The Pentagon will decrease its $1.1 trillion estimate for the cost of supporting Lockheed Martin Corp. (LMT)’s F-35 fighter jet over a 55-year lifespan, the top U.S. weapons buyer said.
“It will drop to a number that’s not trivial but is not as much” a reduction “as I would like,” Frank Kendall, the Defense Department’s undersecretary for acquisition, said April 3, 2014 at a Bloomberg Government breakfast in Washington.
While debate over the aircraft, the costliest U.S. weapons system, has focused mostly on the price to develop and build the fighter, Pentagon agencies also have disputed its long-term operating costs, from spare parts to repairs.

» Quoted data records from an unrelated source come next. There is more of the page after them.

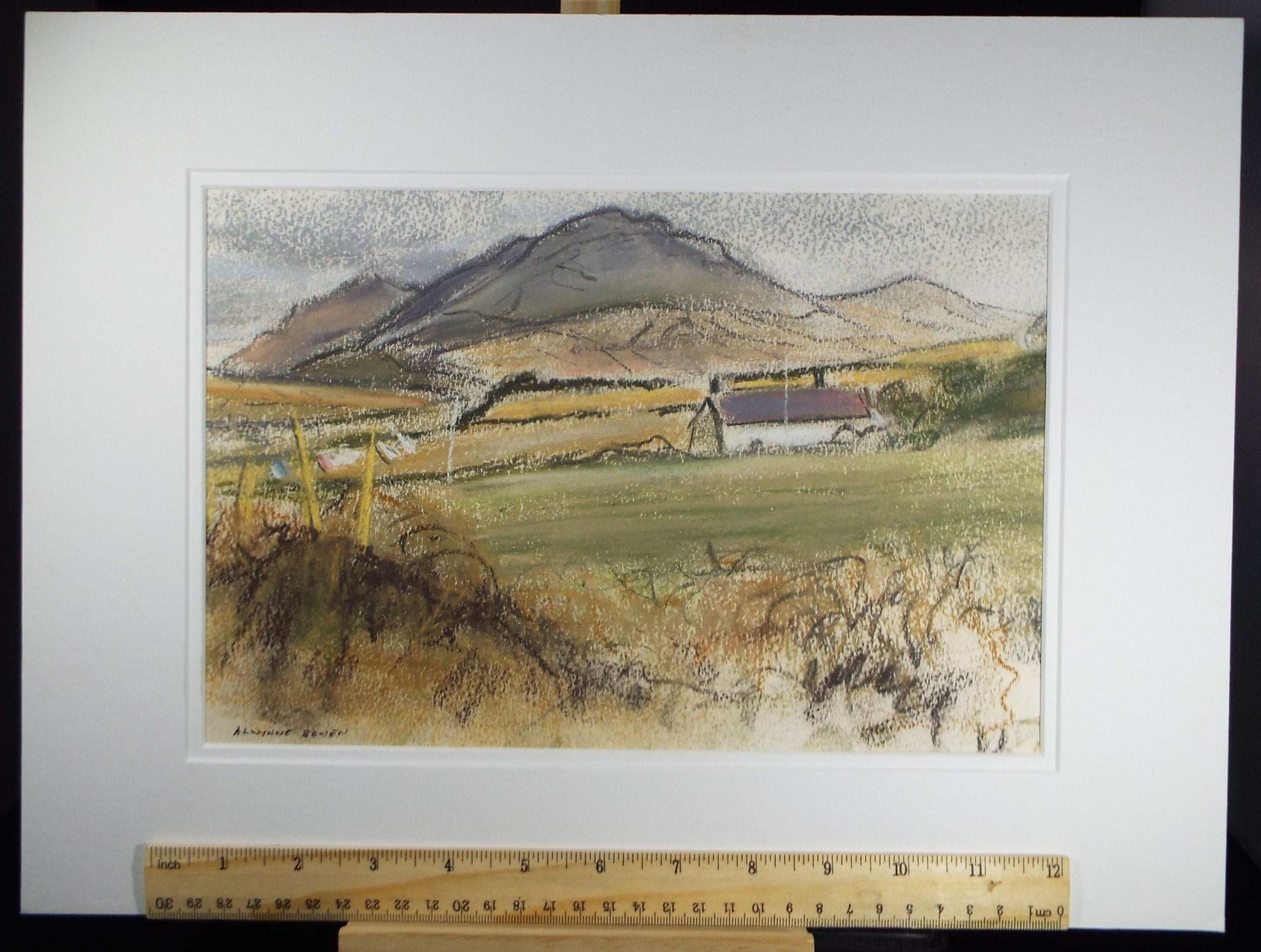 Original Pastel, 'Below the Mountain' , c1970's, Alwynne Bowen 1904-1987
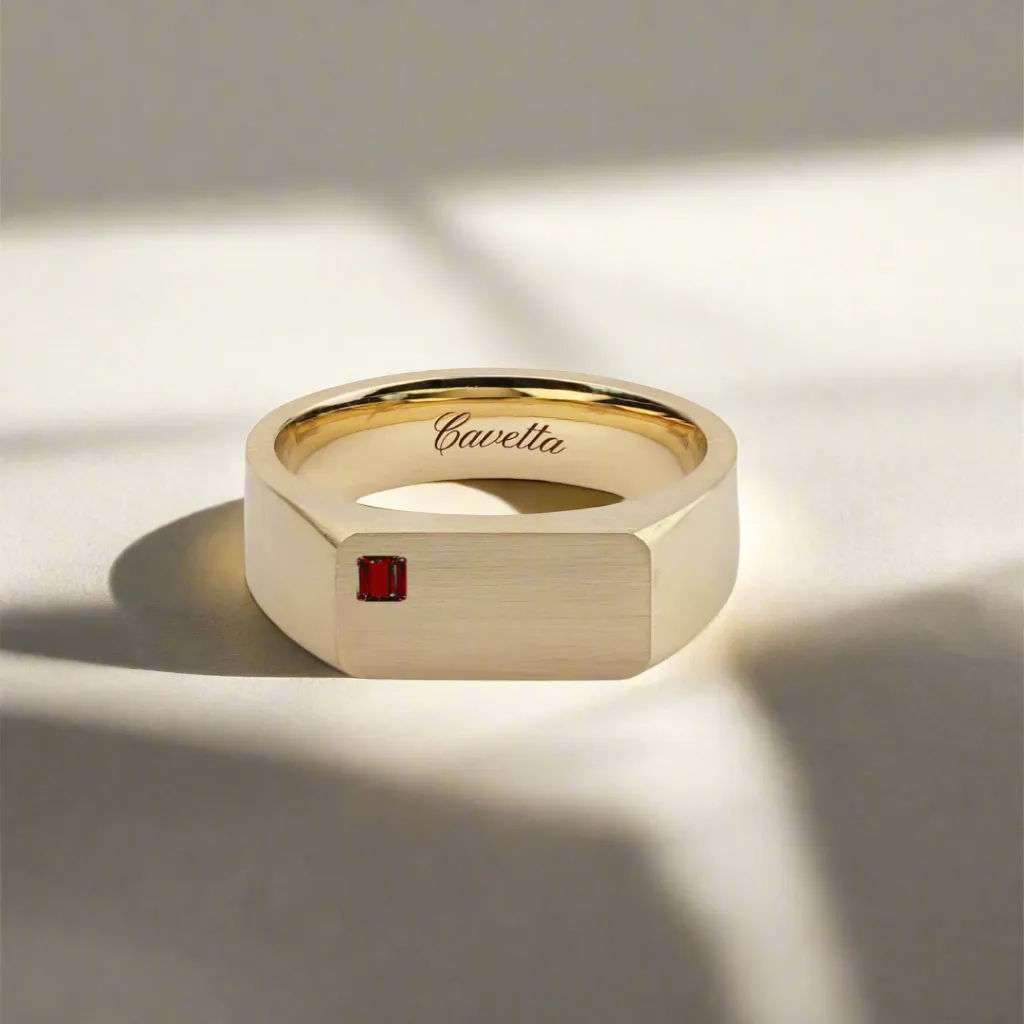 No. 6 (c) Chunky Solid Gold Ring (Square Ruby)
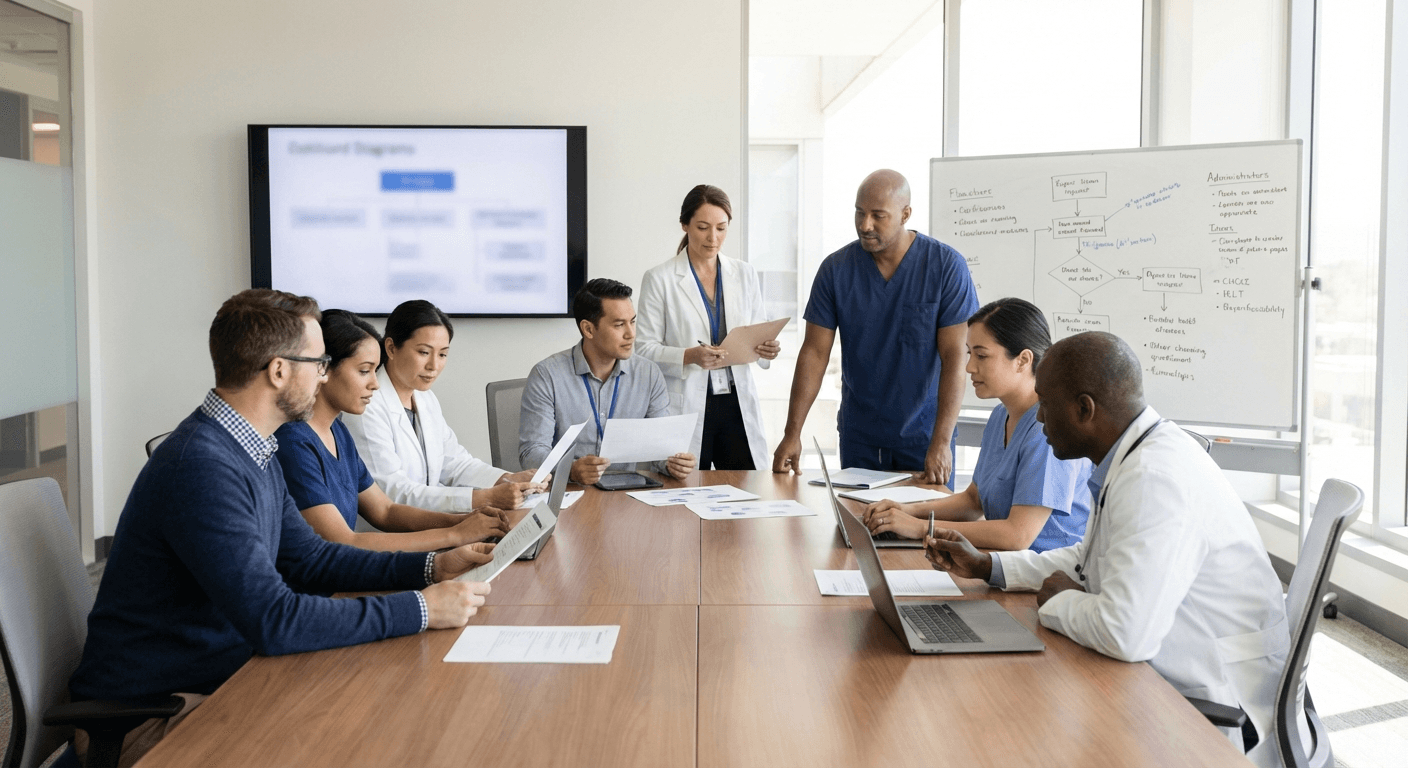 Healthcare IT implementation planning session focused on resilience and incident readiness.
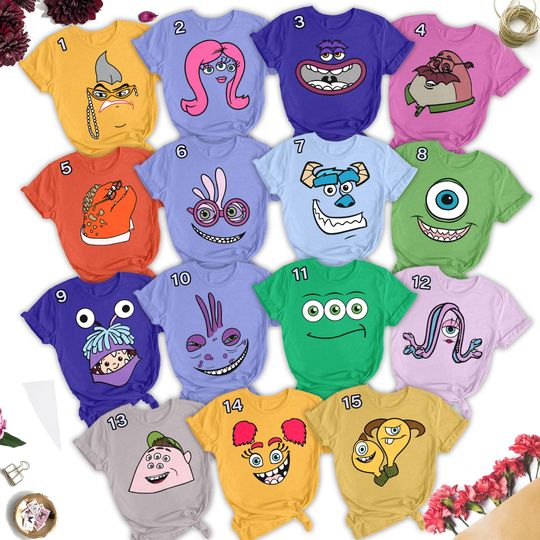 Discover Halloween Costume For Family Group T Shirt, Monster Face Friend Group Tee, Monster Family Matching Shirt, Monster Birthday Party Theme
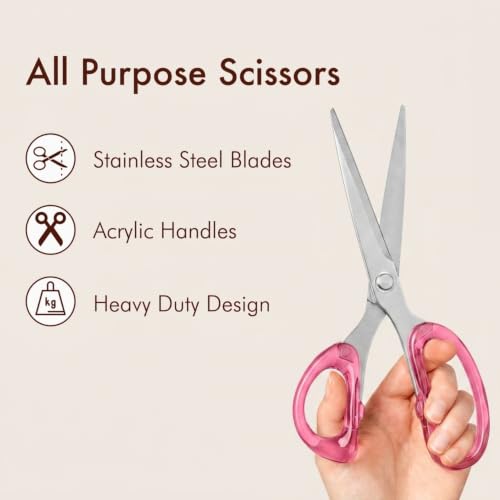 OfficeGoods 9” Stainless Steel Acrylic Scissors, Pink with Silver Metal - color: Pink With Silver Metal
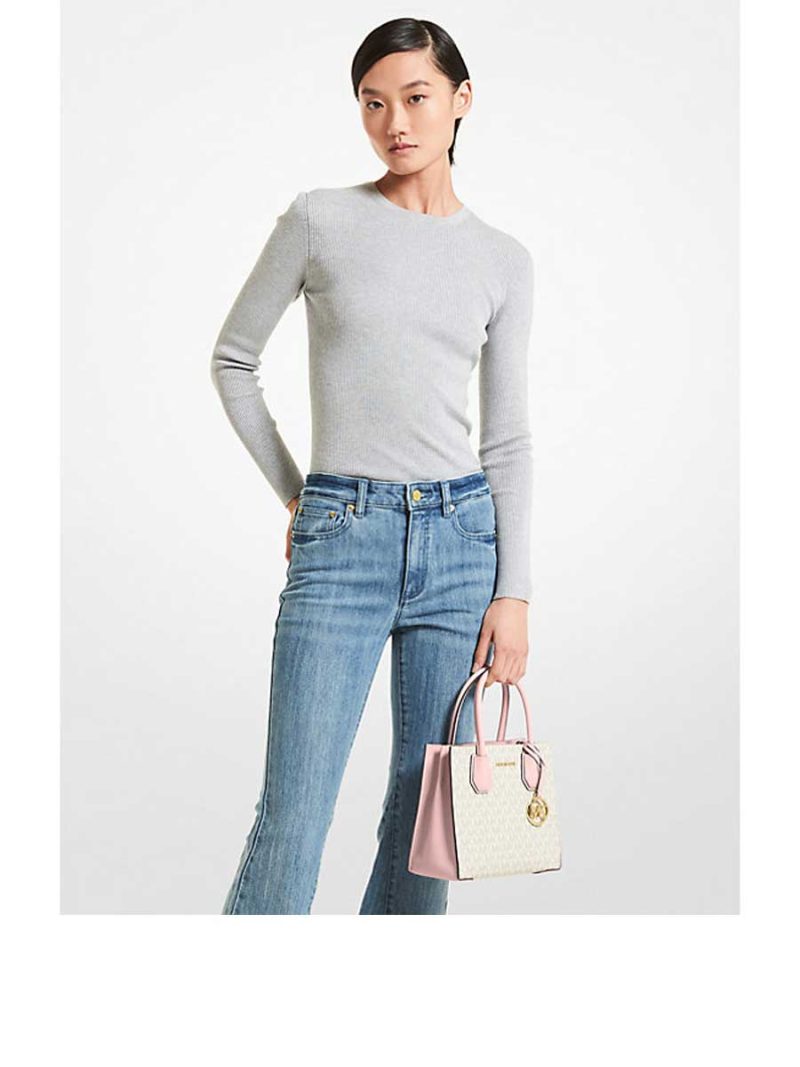 MICHAEL Michael Kors Mercer Medium Logo and Leather Accordion Crossbody Bag - Image 3
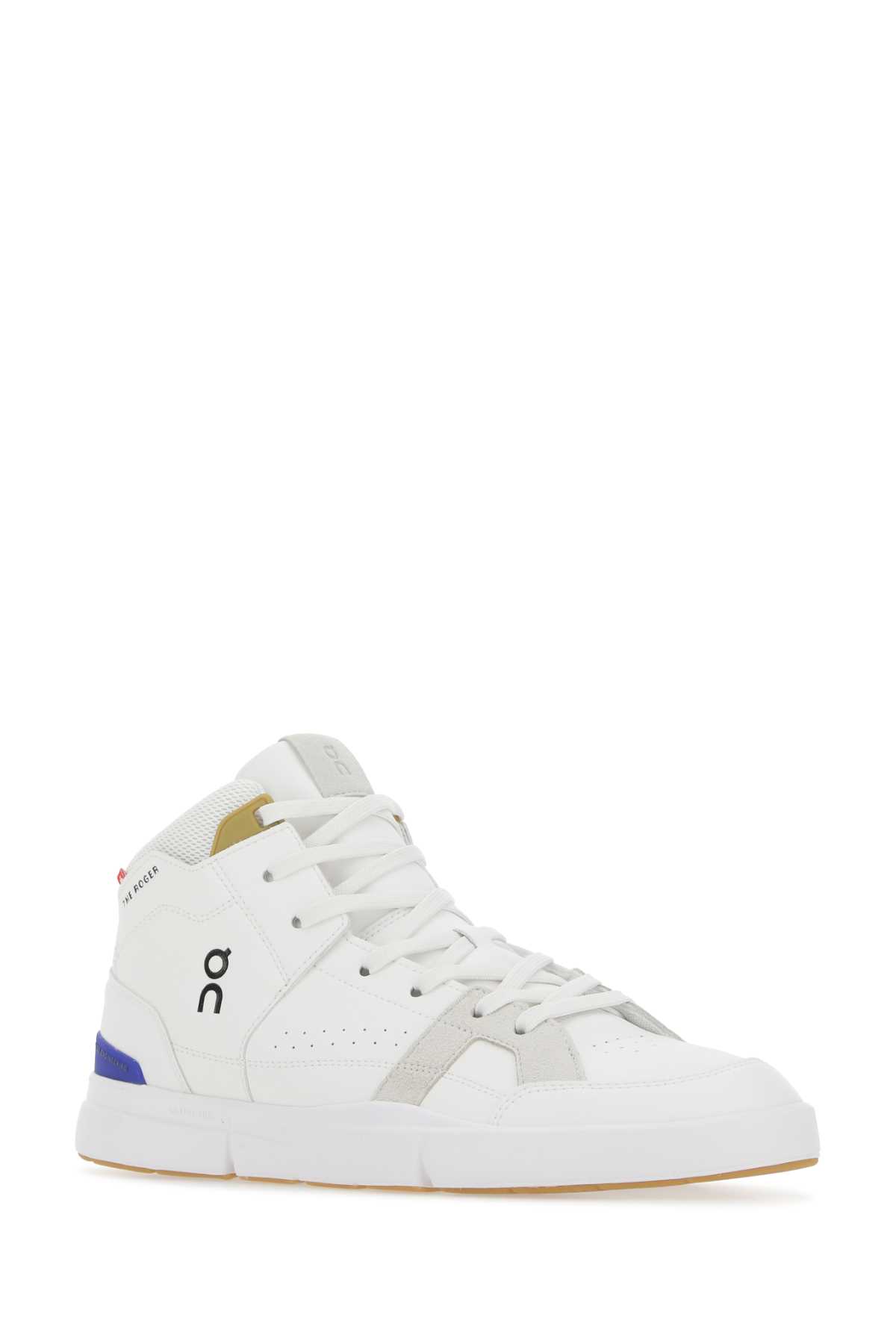 On Two-te Synthetic Leather And Fabric The Roger Clubhouse Mid Sneakers In Whiindi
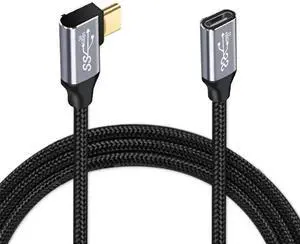 JAENFONG Left Right Angled USB-C USB 3.1 Type C Male to Female Extension Data Cable 10Gbps 100W with Sleeve for Laptop 3.0m JAENFONG Left Right Angled USB-C USB 3.1 Type C Male to Female Extension Data Cable 10Gbps 100W with Sleeve for Laptop 3.0m
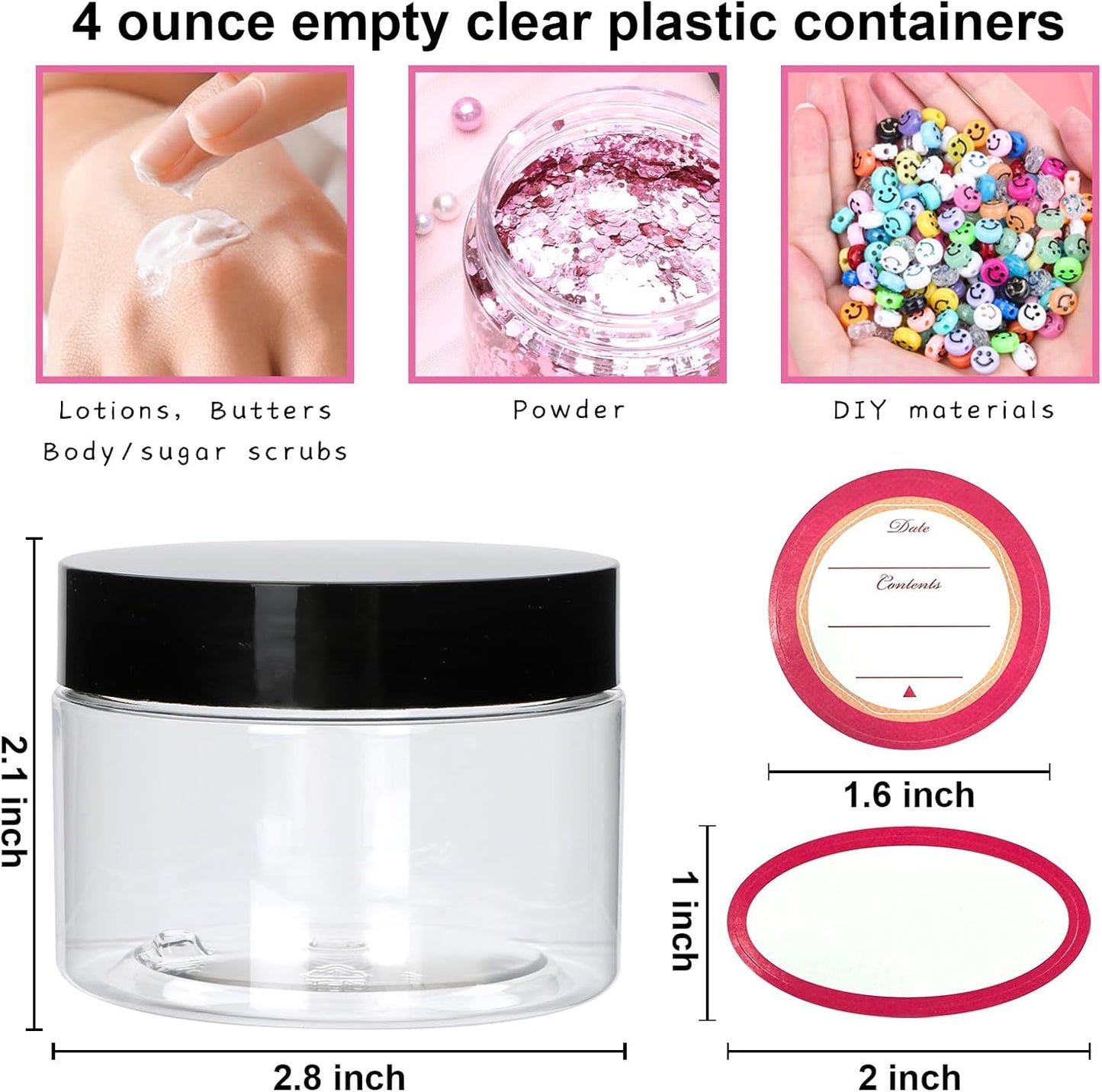 16 Pack 4oz Plastic Containers with Lids, Jars with Lids, Great for storing,lip balms, creams, ointments, cosmetics, samples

Kendall declined to elaborate on the reduced 55-year estimate by the department’s independent cost-assessment office. The figure will be released later this month in its next unclassified Selected Acquisition Report. Until then, the official projection is the $1.1 trillion formulated by that office three years ago.
By contrast, the Pentagon’s F-35 program office estimates that the fleet will cost $857 billion to operate and support over its lifetime.
On the separate cost of developing and producing a planned fleet of 2,443 F-35s, the U.S. Government Accountability Office said in February that its projection is $390.4 billion, as adjusted for inflation over the years the plane is produced. The Pentagon’s latest estimate by the same measure is $391.2 billion, about a 1.1 percent reduction from an earlier calculation.